By Dita De Boni
Tranz Rail has hauled 10 per cent more freight in the last 12 months, but not enough to stop earnings before interest profit plunging from $81.8 million in 1998 to $31.4 million to June 30 of this year.
The company blamed many factors, including a reduction in average rates caused by competitive pressures, for less-than-stellar annual results released yesterday.
Its net profit of $70.2 million was a substantial increase on last year's $48.2 million, but was boosted by a change in the company's tax treatment giving a $57.3 million tax credit.
Revenue for the year was down $8 million, or 1.4 per cent, to $569.2 million from the previous year. Abnormal items of around $37 million saw operating costs increase $42.4 million to $537.8 million - more than 8 per cent.

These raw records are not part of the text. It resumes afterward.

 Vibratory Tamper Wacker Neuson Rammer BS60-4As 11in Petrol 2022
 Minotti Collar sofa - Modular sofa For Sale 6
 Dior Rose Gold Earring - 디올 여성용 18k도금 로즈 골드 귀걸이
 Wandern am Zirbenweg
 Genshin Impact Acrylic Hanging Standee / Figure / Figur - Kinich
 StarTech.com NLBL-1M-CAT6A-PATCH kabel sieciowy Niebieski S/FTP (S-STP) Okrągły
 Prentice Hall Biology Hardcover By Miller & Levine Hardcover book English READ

A year-end provision of $15.5 million for redundancy costs provided for a further whittling away of the workforce - down from 25,000 since deregulation of the industry in 1984 to 4285 at June 30.
Transport analyst David Fraser said the results were "incredibly complex", not least because the company had grouped passengers and freight together in one category in order to obscure earnings off the inter-island passenger ferries, in heated competition with rival Topcat Ferries.
Mr Fraser said the company's results reflected a renegotiation of long-term contracts and a still-sluggish economy.
He said as a fixed-costs business, Tranz Rail would prosper when its revenue increased alongside additional volume and that the best the company could do was "wait for the economic recovery".